I. Analyse de la situation
Analyse de la situation : Intensification de la compétition sécuritaire dans le Pacifique
1. Contexte et développements
La transformation du Pacifique Sud en un théâtre de compétition sécuritaire sino-américaine remonte à la signature d'un accord de sécurité entre les Îles Salomon et la Chine en 2022 [6][5]. Cet accord a immédiatement sonné l'alarme pour Canberra et Washington. La réponse américaine qui a suivi a pris la forme d'une reconstruction de son réseau de sécurité. En 2023, ils ont signé un accord de sécurité avec la Papouasie-Nouvelle-Guinée. La même année, s'est tenu le Sommet États-Unis–Pays insulaires du Pacifique [5]. Les projets de fourniture de sous-marins à propulsion nucléaire dans le cadre de l'AUKUS, impliquant l'Australie, le Royaume-Uni et les États-Unis, se sont également concrétisés [10].

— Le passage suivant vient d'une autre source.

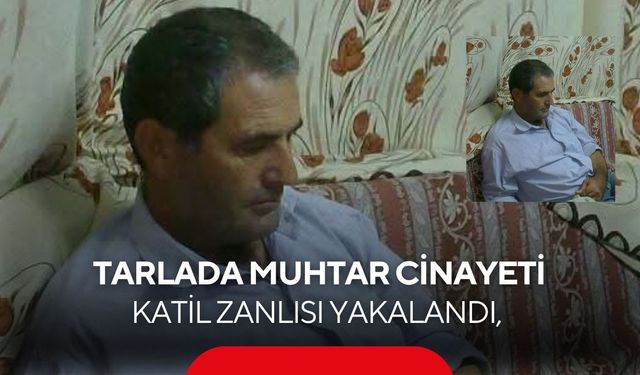 Manisa'da muhtarı tarlada öldüren zanlı yakalandı! Cinayette şok itiraf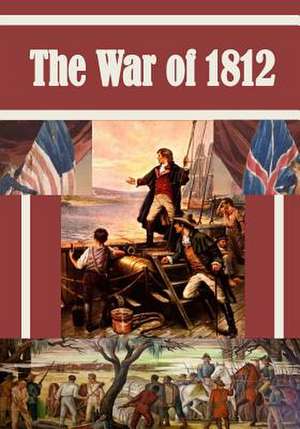 The War of 1812 de Matthew Forney Steele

Un tournant décisif dans cette dynamique s'est produit le 6 juillet, lorsque la Chine a procédé à un tir d'essai de missile balistique lancé par sous-marin (SLBM) dans le Pacifique Sud [1][5]. Pékin n'aurait fourni qu'une brève notification préalable à un très petit nombre de pays [5]. Selon le média tongien Matangi Tonga, ce lancement a incité 40 pays, dont l'Australie, la Nouvelle-Zélande, les Îles Marshall et les Palaos, à signer une déclaration conjointe menée par les États-Unis exigeant une notification préalable pour les futurs essais de missiles [1]. À peu près au même moment, le Palau Island Times a rapporté que la Chine avait probablement mené une campagne organisée pour aligner les nations du Pacifique sur son dernier Plan quinquennal. Cette information se basait sur un rapport de l'Alliance for Securing Democracy, basée à Washington [7].
2. Situation actuelle
Pékin a immédiatement répliqué à la déclaration conjointe des 40 nations, arguant qu'il s'agissait d'une politique de deux poids, deux mesures [1]. Les autorités diplomatiques chinoises affirment que les pays occidentaux n'appliquent pas les mêmes normes à leurs propres exercices ou essais [1]. Auparavant, la réunion des ministres des Affaires étrangères du Forum des îles du Pacifique (FIP) n'avait pas réussi à adopter une déclaration conjointe condamnant le lancement du SLBM par la Chine. Ceci était le résultat d'une combinaison de la vulnérabilité institutionnelle de son processus décisionnel fondé sur le consensus et des années d'engagement économique de la Chine [5]. La campagne de pression publique menée par la Nouvelle-Zélande a en fait provoqué une réaction négative de la part des nations insulaires plus modérées [5].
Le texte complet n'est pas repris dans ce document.